Chances are you just yelled something like, “Is this chick serious?” at your computer. Blank admits her reaction was similar. In the essay she writes: I was fascinated, but at the same time, the more I thought about it, the more I felt my mental upper lip curling in scorn.

Blank eventually coins the term “the process-oriented virgin.” You know, someone who sees losing his or her virginity as a process, not a one time deal. And despite the fact she initially thought this idea was “ludicrous” by the essay’s conclusion, Blank declares herself a fan of the process-oriented virgin and believes it even has potential of being a feminist act.

Blank concludes that losing your virginity should be a subjective, not objective, transition and that it’s okay for it to be a process in which you figure out what sex should be — mutually pleasurable and positive.

Blank writes:

Think about what your own relationship to virginity might’ve been like had you been able to set the terms for it and decide for yourself what it meant to you, rather than having those decisions made for you, perhaps violently, by a parent, an abuser, a doctor, a church. It would change sexuality, gender roles, and maybe the world.

What are your thoughts on the loss of virginity being a process, not a one-time act? Do you think this idea is potentially empowering or completely ridiculous?

7 Comments

  1. Quite interesting…I need to think about my answer for a minute.

  2. Physically, there’s no denying that losing your virginity is a one-time act.

    But mentally and emotionally, I can sort of understand someone feeling that they hadn’t enjoyed the full scope and intimacy that sex has to offer until later on. (Especially if your first time, like you said, was against your will.)

    I think the physical, mental and emotional parts all play into it, so it’s hard to say.

    This is interesting. I’ve never thought about this before. And I may change my mind a little bit after thinking about it more. :)

  3. Playa, please!

    You can’t say, ‘the sex was wack so I’m still a virgin’ or ‘I don’t like him anymore so that doesn’t count – I’m still a virgin.’

    Now, a strong argument can be made for rape, but in any other circumstance it’s ridiculous.

  4. yeah, i think that it is wsck too, but you gotta hand it to her for being creative.

  5. Oh wow! Well, I do agree with Maisy about the fact that physicall it is definitely a one-time act and that’s a wrap for that! People will come up with all kinds of stuff tied to their emotions and mental state to validate anything these days.

    Now, I’m not saying that I don’t understand where she’s coming from because I do but is she for real or just trying to validate the fact that she had sex but didn’t have an orgasm until a while later so that makes her a virgin til she has an orgasm?? Does she know how many people would still be considered virgins if that was the case?? Lord have mercy…I am laughing over here.

    Now, if she actually didn’t feel anything, she might have an argument (that’s all I’m going to say on that one).

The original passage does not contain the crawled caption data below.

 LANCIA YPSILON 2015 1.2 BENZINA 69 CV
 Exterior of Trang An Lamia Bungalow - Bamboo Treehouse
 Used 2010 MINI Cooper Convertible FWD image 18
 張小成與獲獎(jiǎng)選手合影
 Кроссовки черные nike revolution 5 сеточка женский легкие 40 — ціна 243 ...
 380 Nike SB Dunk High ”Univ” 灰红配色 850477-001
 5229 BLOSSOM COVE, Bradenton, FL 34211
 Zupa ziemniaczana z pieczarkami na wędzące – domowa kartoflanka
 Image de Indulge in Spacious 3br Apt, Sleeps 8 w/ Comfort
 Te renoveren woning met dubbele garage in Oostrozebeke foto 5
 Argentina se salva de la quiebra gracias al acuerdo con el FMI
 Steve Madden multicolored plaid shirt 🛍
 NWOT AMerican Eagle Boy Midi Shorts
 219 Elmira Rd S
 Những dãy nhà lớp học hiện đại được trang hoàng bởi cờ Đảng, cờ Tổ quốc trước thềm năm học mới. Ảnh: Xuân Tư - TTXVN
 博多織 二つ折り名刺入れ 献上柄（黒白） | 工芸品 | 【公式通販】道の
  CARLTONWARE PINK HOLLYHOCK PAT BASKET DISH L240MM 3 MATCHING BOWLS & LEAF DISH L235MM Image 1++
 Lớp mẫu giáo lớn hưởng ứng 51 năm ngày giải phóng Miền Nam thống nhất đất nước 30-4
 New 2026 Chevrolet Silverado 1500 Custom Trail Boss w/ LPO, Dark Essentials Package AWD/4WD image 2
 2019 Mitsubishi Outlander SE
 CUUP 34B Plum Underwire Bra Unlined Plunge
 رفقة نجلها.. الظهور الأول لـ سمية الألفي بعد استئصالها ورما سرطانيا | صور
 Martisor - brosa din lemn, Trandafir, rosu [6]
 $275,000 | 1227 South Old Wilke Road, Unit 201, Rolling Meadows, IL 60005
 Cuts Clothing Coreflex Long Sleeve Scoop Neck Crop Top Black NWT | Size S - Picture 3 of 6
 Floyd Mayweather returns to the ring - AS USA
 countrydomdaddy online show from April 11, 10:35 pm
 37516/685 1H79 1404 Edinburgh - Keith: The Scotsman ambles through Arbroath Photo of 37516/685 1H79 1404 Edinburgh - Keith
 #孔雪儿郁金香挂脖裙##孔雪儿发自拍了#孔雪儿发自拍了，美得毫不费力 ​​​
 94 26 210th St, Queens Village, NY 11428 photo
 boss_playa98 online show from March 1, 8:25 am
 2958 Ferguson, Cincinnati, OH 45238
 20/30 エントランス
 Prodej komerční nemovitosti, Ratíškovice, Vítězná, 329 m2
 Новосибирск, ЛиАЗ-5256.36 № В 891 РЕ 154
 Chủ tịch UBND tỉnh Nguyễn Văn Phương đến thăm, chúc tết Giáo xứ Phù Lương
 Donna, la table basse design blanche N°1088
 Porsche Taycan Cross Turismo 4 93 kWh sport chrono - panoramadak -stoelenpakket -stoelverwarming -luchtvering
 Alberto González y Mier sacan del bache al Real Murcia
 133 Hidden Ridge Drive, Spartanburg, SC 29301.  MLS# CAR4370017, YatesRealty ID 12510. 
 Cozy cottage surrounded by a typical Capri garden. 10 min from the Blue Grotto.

    I’ll give her an A for creativity and for exploring her mind for sure. However, I don’t know about process-oriented virgin being the new thing. Sorry chica…but when it’s gone, it’s gone. Just pray about the bad experience and hope for a better one next time.

  6. Totally love this concept. I think she has a point. A lot of girls and women seem to have had less than fully participatory experiences their first time and there is I think a huge difference between merely having sex and being sexual.